Adam Savage visited movie director Guillermo del Toro while he was working on Pacific Rim and was blown away by the size and scope of the project. With hundreds of people working on sets, stages, and props that involved cities, oceans, and giant robots and monsters, there were an impossible amount of details to tend to. Savage asked del Toro how he could keep so many people on the same page, to which he replied, “you have to give everyone autonomy within a narrow bandwidth.” This simple concept, of communicating a clear vision and then empowering his people to execute with their own authority, extends directly into our professional lives.
We don’t need to be micromanagers or be micromanaged, we just need to know where we’re headed and the parameters for the mission. We may not be building gigantic robots (well, maybe not ALL of us are), but we are all tending to important details. Whether it’s with clients or coworkers, and no matter where we are in the hierarchy, the big picture that guides how we treat the details matter. Savage explains it best (from his book Every Tool’s a Hammer, emphasis added):
What he meant, was that after you get their buy-in on the larger vision, you need to strictly define their roles in the fulfillment of that vision, and then you need to set them free to do their thing. You want the people helping you to be energized and involved. You want the people helping you to contribute their creativity, not just following your orders. Giving them creative autonomy rewards their individual genius while keeping them oriented to the North Star of your larger, shared vision.

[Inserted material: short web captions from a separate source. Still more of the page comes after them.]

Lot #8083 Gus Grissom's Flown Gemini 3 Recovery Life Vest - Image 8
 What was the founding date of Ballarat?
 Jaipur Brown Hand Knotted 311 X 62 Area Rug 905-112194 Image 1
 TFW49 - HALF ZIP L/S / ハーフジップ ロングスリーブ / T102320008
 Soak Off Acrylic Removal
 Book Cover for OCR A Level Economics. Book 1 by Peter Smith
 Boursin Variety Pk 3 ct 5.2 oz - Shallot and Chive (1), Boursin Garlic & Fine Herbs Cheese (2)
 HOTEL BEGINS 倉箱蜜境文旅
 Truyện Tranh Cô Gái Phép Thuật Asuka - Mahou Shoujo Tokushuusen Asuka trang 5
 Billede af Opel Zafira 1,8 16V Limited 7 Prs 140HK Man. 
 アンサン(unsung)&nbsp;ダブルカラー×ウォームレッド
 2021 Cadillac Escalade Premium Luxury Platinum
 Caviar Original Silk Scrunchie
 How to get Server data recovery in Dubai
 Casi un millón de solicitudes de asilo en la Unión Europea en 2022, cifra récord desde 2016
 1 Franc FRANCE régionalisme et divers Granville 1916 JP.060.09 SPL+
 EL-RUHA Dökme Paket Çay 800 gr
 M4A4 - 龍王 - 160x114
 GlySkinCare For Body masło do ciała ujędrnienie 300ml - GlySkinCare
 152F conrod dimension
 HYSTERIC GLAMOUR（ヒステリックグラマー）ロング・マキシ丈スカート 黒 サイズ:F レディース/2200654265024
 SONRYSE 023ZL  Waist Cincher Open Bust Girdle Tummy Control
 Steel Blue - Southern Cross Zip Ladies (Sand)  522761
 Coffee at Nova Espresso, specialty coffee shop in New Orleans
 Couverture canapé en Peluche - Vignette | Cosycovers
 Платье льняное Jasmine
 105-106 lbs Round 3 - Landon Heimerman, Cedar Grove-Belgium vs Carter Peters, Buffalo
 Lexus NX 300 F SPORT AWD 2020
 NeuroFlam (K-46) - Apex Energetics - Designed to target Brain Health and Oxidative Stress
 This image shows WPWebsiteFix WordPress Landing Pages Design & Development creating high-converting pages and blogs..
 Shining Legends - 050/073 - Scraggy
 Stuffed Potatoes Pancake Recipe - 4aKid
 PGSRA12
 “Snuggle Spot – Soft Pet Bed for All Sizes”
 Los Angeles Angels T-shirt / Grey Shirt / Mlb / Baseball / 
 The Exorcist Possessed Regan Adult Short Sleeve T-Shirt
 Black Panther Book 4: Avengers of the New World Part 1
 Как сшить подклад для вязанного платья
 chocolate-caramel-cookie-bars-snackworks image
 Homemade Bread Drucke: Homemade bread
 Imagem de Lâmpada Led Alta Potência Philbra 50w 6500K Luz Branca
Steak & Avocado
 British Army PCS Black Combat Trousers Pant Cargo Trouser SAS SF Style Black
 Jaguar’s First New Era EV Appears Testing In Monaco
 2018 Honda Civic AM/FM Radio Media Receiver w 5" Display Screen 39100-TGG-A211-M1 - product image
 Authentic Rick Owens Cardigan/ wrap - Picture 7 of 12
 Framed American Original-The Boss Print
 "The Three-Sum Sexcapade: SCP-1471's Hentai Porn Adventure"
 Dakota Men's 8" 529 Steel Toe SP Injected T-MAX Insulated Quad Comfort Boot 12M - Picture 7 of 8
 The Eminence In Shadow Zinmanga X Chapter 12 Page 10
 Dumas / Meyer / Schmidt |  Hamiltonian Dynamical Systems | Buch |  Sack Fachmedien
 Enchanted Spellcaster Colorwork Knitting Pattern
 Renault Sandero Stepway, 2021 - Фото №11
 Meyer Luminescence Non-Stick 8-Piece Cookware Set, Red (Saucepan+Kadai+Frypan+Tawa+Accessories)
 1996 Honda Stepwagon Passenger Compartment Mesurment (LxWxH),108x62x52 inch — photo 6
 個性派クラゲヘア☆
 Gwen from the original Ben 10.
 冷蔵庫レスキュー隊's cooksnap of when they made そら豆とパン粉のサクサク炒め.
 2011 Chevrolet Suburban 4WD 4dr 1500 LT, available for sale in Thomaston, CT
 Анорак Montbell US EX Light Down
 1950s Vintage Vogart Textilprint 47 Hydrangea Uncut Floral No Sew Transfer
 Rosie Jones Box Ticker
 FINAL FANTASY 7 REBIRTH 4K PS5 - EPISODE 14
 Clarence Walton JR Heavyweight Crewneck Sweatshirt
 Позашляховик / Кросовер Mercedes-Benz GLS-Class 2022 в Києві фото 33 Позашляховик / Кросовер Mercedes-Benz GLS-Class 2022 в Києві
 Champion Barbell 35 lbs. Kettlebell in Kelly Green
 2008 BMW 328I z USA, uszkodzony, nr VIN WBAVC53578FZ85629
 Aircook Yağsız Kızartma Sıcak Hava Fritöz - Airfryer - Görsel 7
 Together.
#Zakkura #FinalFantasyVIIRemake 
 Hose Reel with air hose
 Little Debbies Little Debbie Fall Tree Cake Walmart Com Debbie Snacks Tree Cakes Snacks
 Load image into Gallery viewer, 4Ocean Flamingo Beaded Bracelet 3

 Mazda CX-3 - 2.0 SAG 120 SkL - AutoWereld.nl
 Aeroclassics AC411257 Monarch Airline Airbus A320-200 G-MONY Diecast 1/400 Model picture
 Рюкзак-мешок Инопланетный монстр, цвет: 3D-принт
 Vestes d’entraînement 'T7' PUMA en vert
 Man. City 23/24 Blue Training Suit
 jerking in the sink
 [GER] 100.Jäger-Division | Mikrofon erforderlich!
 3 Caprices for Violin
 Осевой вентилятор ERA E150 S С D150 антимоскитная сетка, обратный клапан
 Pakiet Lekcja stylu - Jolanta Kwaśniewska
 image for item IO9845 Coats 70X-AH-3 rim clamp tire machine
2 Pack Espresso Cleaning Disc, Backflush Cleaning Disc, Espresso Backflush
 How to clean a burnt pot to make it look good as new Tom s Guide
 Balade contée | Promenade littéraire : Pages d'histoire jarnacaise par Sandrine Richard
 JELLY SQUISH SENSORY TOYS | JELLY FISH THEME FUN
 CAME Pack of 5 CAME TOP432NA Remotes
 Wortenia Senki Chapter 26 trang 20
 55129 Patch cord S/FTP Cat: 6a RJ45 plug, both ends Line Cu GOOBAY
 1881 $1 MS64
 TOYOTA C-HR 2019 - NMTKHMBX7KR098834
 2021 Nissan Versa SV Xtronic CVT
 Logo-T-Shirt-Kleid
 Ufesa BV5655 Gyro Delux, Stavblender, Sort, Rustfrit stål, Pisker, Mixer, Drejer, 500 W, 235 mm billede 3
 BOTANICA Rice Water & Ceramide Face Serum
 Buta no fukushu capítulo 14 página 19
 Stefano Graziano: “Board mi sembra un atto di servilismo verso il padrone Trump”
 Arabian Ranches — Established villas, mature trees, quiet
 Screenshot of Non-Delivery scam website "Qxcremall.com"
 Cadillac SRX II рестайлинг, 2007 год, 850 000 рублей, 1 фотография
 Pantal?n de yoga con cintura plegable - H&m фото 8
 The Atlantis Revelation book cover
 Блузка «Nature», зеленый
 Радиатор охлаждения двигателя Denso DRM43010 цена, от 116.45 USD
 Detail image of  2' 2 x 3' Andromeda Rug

Whether you are the captain of your relegated ship or the lowest swabbie of the poop deck of the project, the fact remains that none of us is an island. We are, each of us, part of a community, and never more so than when we are makers, creating new worlds out of our imaginations.
It’s nice to think we can do it alone. It pushes all our ego buttons to consider ourselves the singular genius, but experience shows all makers that every success is a shared success. And, every shared success is an investment into the culture that produced the success in the first place.
It’s a powerful passage, speaking to both how we lead and how we follow. When the vision is clear, when ownership and autonomy exist at every level of a project, people produce truly special results.